◆ **What the exercise asks**
Would you return the listing exactly as written, apart from its pictures?

◆ **Supplied material**
*** Block opens ***

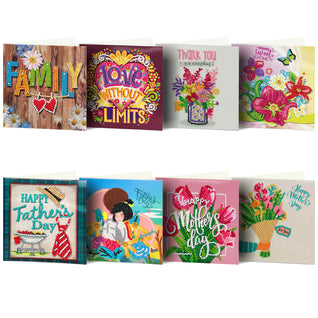 Diamond Painting Weihnachtskarten [8er-Pack]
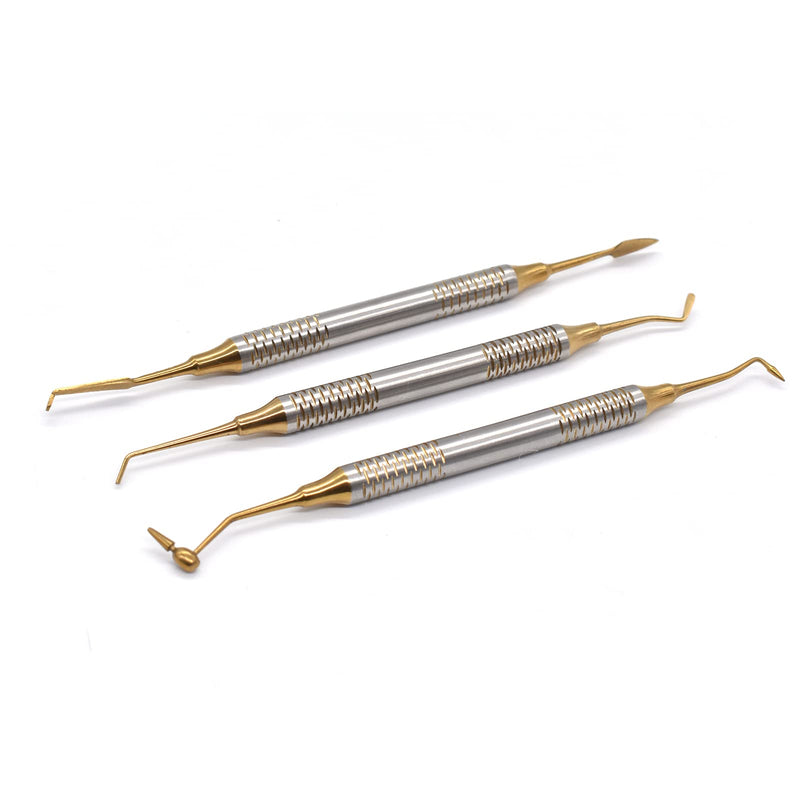 Angzhili 6 Pcs/Kit Dental Composite Resin Filled Scraper,Non Stick Dental Filling Spatula,Double headed Dental Restoration Tool (Gold) Gold - BeesActive Australia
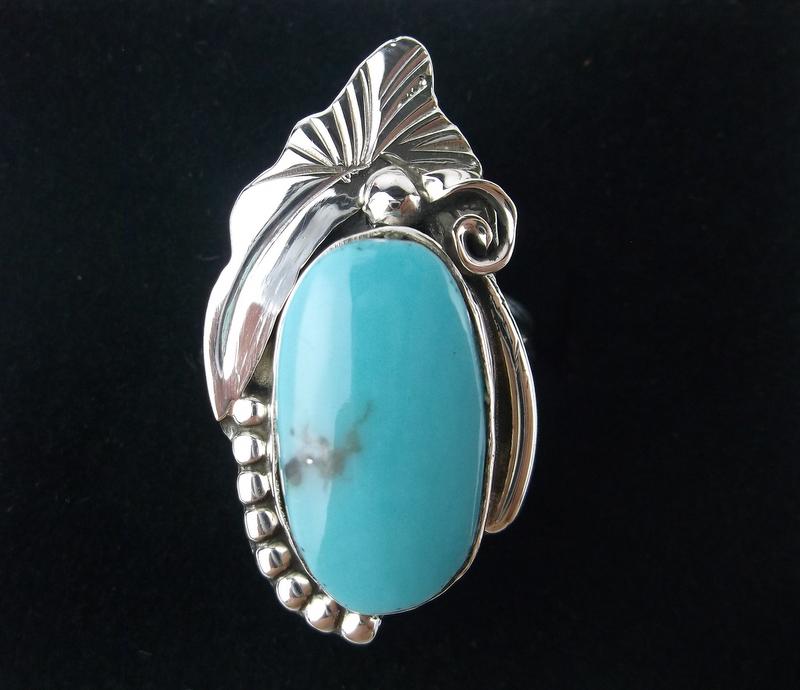 Navajo Shirley Ray Sterling Silver Turquoise Ring 8 (1 of 3)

*** Block closes ***

◆ **Your solution**
 Diamond Painting Weihnachtskarten [8er-Pack]
 Angzhili 6 Pcs/Kit Dental Composite Resin Filled Scraper,Non Stick Dental Filling Spatula,Double headed Dental Restoration Tool (Gold) Gold - BeesActive Australia
 Navajo Shirley Ray Sterling Silver Turquoise Ring 8 (1 of 3)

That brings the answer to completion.